Exercise requirements
Copy out all of the data word for word. Omit every picture.

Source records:
┏━━

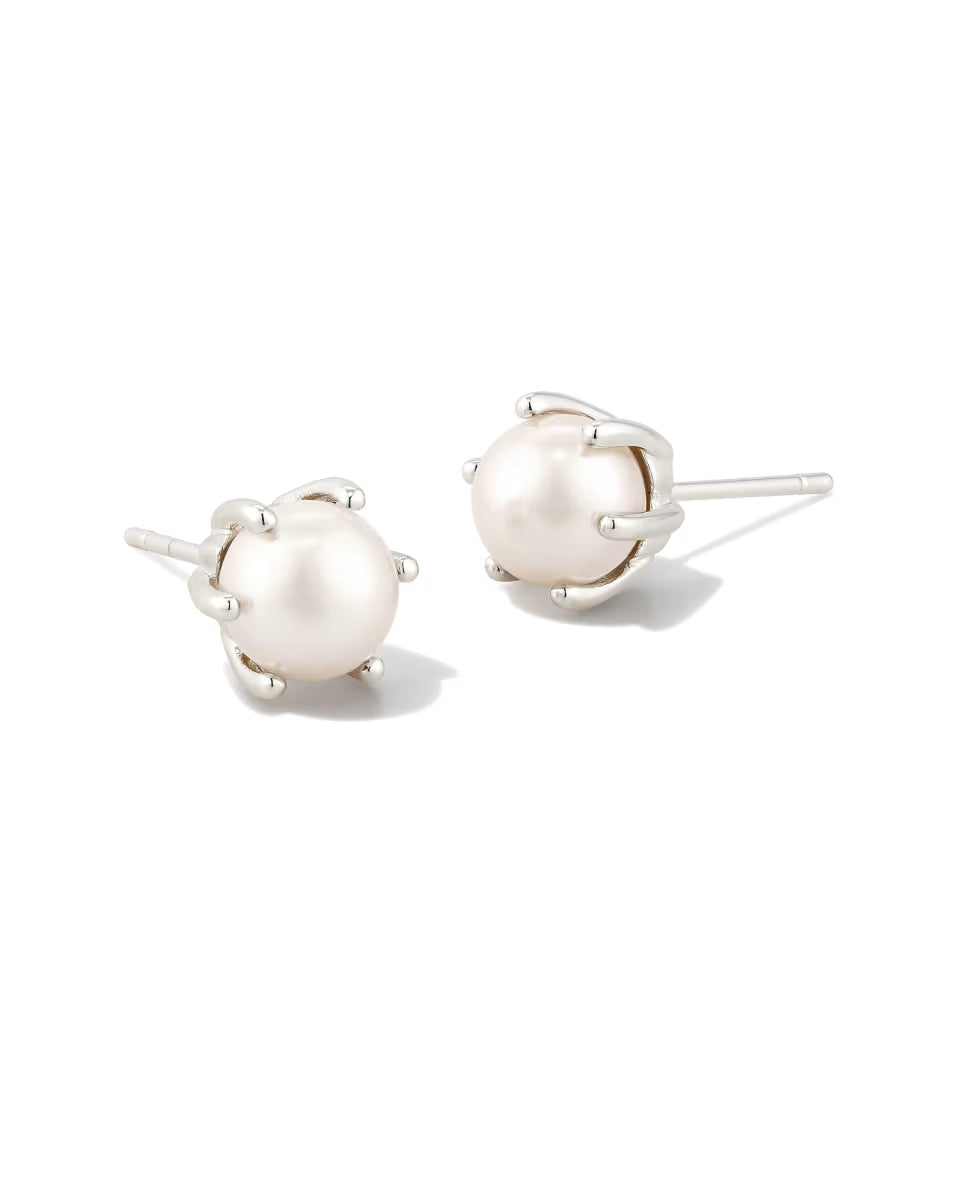 Ashton Gold Pearl Stud Earrings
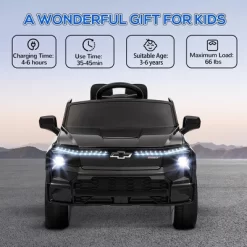 Qaba 12V Chevrolet Silverado EV RST Licensed Kids Electric Car With Parent Remote Control, Spring Suspension, Soft Start, Auxiliary Wheels, Black -Qaba GUEST e2ab1c6c 096c 4a50 a1a1 e46b7a6514a5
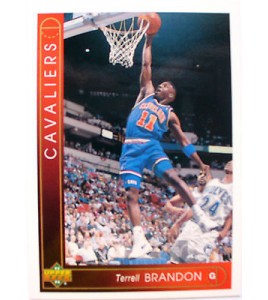 CARTE  NBA BASKET BALL 1994  PLAYER CARDS TERRELL BRANDON (45)
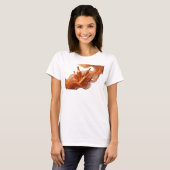 Snappy Orange ABSTRACT ART Statement T-shirt v2 (Voorkant volledig)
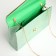 Female bag on a magnet, green color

┗━━

Your response
 Ashton Gold Pearl Stud Earrings
 Qaba 12V Chevrolet Silverado EV RST Licensed Kids Electric Car With Parent Remote Control, Spring Suspension, Soft Start, Auxiliary Wheels, Black -Qaba GUEST e2ab1c6c 096c 4a50 a1a1 e46b7a6514a5
 CARTE  NBA BASKET BALL 1994  PLAYER CARDS TERRELL BRANDON (45)
 Snappy Orange ABSTRACT ART Statement T-shirt v2 (Voorkant volledig)
 Female bag on a magnet, green color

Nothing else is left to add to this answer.